Beijing on Tuesday rejected accusations that a Chinese state-sponsored actor was behind a cyberattack on the US Treasury Department, calling the claims “groundless.”
The US Treasury Department confirmed the breach, revealing that some of its workstations were accessed in an attack that involved compromising a third-party cybersecurity provider. The incident, which took place earlier this month, allowed the attacker to remotely access the workstations and some unclassified documents.
China’s foreign ministry denied the allegations, reiterating that Beijing opposes all forms of cyberattacks and condemns the spread of false information for political purposes. Spokeswoman Mao Ning said, “We have repeatedly stated our position regarding such unfounded accusations without evidence.”

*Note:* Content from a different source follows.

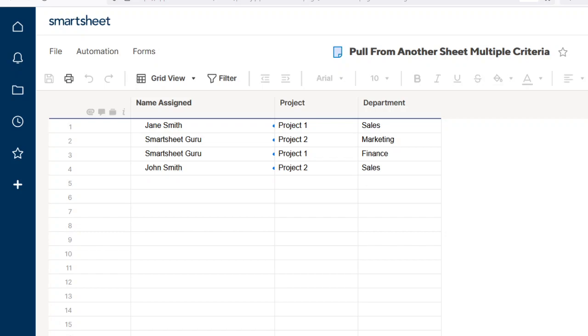Hello, thank you for watching another video on using Smartsheet. Today we're going to look at how you can pull in a value from a source sheet based on multiple criteria in another sheet.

The Treasury Department contacted the US Cybersecurity and Infrastructure Security Agency after being alerted by its service provider, BeyondTrust. Authorities have been working with law enforcement to assess the impact of the breach. The compromised service has been taken offline, and no further unauthorized access to Treasury systems or information has been found.
The Treasury attributed the incident to a Chinese state-sponsored Advanced Persistent Threat (APT) actor, which refers to a prolonged, unauthorized intrusion into a system. However, the department did not provide further details on what was affected and said more information would be shared later.
Several countries, including the United States, have raised concerns about Chinese-backed cyberattacks targeting governments, militaries, and businesses. Beijing has consistently denied these accusations, stating it opposes cyberattacks and takes action against such activities.
In recent years, the US Justice Department has dismantled Chinese-backed hacking networks, including one in September that impacted 200,000 devices globally. In February, US officials also dismantled “Volt Typhoon,” a hacker group allegedly targeting critical infrastructure in the US. Additionally, Chinese hackers breached US government email accounts in 2023, including those of the State Department and Commerce Secretary Gina Raimondo.